Clara Barnhurst

There’s a tankard at my pub that upsets one of the staff. He hides the offending feature when he notices it and the owner was tempted to take it away to avoid any discomfort. The tankard hasn’t invited any comment from customers that I know of, but there is word that it has. I’ve not managed to substantiate those claims and nor has my boss.

The tankard’s owner - an educator, artist, and general rabble rouser - is swiftly becoming one of my favourite regulars. They are fiery, energetic, and passionate. Expressive and chatty. We got along immediately and it is of absolutely no surprise they would choose an object that might be seen as objectionable; they make it their business to take ownership of things that people find difficult.

Where many of the people in the pub know the owner, they also would understand the owner’s attraction to the object, even if they didn’t share the owner’s enthusiasm. The object’s statement comes in the context of its holder.

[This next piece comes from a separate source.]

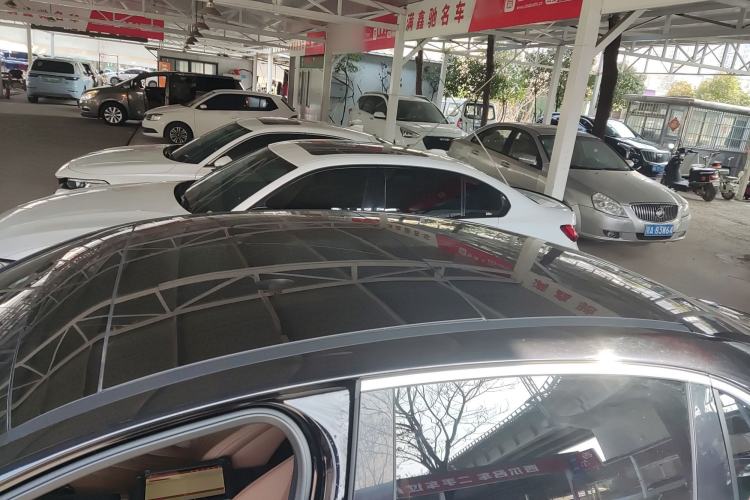 Used Mercedes-Benz E-Class 2024 E 300 L Luxury Model Roof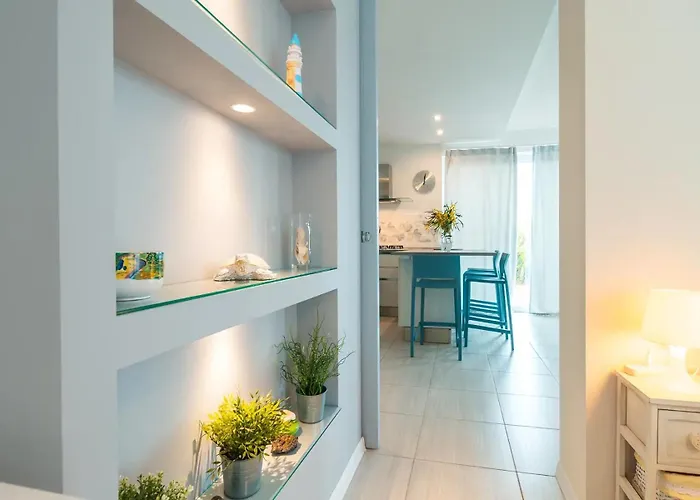 Villamaresicilia E Stanze Nel Lungomare بيت ضيافة 4*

Another person with the same object probably wouldn’t make the same statement. Objects are made with one idea, a kind of user, in mind. That the user isn’t always that intended person creates potential for discussion.

As an undergrad, my advisor would tell me that good design establishes a pattern, but then breaks that pattern. Breaking the pattern draws attention to specific things, specific moments, within the experience of the piece. This tankard establishes a pattern, but its owner breaks that pattern.


The tankard is upsetting for its handle: a stylised, nude woman facing outward, back arched to form the grip. It’s seen as sexist and objectifying by some, and actually, they’re not wrong. It’s an idealised image of a lady attached to an object that is associated with older men. It’s highly likely it was created in an objectifying light, and it reinforces an idea of pubs being places for older men. In isolation, the object celebrates the female body in a distinctly male context.

The owner is a colourfully dressed, well pierced lady. Just holding her tankard doesn’t nullify the obvious connotations it carries: women can objectify women same as men can. The disruption of this pattern is complex and is wrapped up in knowing what kind of woman the owner is. She, like me, saw this tankard as a beautiful object. Confrontational, absolutely, but not objectifying in that context.

Perhaps this is rather too nuanced for a public house, but more eccentric things can be found in a pub. I take more issue with the typical transgender memes that show some Barbie doll figured person in lingerie talking about wanting to be a girl. Like that’s what being a girl means. This tankard is tame by comparison, and it’s created some interesting discussion about sexism, feminism, and how the context of a statement blurs the line between offensive and thought provoking.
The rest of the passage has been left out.